Exercise instructions: Up to and including the line that contains "Method for Synthesizing", repeat each line of the data exactly, starting from the first.

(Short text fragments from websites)

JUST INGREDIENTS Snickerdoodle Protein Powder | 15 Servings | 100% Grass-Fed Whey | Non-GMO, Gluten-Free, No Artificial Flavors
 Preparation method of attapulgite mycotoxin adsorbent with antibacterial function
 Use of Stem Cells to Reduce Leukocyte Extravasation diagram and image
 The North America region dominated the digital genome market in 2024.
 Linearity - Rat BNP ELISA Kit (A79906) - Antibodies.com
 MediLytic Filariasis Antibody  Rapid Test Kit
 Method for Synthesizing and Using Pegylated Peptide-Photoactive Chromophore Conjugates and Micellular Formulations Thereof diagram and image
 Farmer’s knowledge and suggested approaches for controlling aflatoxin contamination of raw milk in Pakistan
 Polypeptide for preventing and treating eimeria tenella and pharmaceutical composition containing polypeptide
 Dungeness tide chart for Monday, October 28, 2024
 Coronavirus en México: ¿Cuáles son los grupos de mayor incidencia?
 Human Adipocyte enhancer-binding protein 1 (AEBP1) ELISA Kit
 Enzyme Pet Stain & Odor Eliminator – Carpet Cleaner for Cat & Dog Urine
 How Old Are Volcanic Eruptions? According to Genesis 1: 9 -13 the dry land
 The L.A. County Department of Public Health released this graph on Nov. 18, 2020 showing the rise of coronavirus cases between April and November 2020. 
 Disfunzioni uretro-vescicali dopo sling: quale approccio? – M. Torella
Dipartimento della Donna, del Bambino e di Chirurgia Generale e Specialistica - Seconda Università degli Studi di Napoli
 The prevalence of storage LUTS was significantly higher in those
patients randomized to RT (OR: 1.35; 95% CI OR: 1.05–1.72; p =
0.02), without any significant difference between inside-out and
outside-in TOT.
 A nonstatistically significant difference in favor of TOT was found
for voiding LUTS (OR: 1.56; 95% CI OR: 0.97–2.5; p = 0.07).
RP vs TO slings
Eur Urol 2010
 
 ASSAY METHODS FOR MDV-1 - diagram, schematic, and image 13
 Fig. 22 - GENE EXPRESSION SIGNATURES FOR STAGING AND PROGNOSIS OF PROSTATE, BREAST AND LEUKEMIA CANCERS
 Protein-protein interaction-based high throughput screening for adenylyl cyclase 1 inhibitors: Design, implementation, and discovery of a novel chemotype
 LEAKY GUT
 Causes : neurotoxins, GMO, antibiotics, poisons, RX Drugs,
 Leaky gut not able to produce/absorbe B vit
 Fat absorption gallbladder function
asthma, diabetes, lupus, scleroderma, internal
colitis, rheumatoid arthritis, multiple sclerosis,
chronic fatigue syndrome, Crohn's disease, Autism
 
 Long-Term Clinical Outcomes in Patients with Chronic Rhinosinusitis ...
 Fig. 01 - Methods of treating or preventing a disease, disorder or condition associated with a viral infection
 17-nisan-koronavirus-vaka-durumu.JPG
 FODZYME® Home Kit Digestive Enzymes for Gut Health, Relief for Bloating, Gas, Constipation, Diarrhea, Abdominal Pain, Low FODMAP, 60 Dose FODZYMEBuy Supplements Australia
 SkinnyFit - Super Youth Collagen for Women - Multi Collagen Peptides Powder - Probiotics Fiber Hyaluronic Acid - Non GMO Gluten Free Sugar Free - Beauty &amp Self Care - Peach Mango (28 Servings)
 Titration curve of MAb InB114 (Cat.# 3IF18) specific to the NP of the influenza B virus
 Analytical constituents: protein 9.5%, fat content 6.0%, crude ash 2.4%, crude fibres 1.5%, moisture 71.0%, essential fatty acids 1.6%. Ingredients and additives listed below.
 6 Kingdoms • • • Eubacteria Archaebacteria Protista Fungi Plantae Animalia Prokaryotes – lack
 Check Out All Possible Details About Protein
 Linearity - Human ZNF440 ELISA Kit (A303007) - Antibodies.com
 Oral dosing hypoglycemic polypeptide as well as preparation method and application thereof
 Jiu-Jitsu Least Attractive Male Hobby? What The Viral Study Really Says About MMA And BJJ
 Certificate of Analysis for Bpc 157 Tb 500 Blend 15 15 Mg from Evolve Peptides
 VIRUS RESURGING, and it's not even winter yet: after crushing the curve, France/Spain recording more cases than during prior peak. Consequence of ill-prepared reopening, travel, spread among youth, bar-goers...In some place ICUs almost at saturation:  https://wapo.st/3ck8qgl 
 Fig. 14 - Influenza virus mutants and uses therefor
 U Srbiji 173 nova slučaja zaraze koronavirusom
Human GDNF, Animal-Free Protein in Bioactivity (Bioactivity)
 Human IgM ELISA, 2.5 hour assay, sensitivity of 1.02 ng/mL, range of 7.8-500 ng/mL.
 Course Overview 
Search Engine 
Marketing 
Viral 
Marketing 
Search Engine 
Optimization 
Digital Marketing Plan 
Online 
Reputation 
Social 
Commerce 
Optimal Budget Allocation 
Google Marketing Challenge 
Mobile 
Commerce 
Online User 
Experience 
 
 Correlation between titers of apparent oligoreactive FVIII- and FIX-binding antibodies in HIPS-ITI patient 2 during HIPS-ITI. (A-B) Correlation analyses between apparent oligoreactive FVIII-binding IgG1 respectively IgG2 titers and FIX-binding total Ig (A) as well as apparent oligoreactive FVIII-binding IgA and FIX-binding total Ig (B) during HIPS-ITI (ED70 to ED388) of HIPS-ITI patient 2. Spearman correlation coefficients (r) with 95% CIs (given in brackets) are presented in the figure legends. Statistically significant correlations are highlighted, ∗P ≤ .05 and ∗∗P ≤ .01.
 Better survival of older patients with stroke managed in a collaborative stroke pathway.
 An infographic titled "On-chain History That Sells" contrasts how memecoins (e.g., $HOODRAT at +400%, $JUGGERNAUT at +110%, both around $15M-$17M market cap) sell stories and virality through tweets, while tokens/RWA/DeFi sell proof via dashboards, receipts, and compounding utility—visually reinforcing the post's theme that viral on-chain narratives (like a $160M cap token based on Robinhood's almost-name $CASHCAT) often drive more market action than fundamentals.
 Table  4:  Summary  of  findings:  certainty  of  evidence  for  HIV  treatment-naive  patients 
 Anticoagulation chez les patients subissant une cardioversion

Result of the exercise:
JUST INGREDIENTS Snickerdoodle Protein Powder | 15 Servings | 100% Grass-Fed Whey | Non-GMO, Gluten-Free, No Artificial Flavors
 Preparation method of attapulgite mycotoxin adsorbent with antibacterial function
 Use of Stem Cells to Reduce Leukocyte Extravasation diagram and image
 The North America region dominated the digital genome market in 2024.
 Linearity - Rat BNP ELISA Kit (A79906) - Antibodies.com
 MediLytic Filariasis Antibody  Rapid Test Kit
 Method for Synthesizing and Using Pegylated Peptide-Photoactive Chromophore Conjugates and Micellular Formulations Thereof diagram and image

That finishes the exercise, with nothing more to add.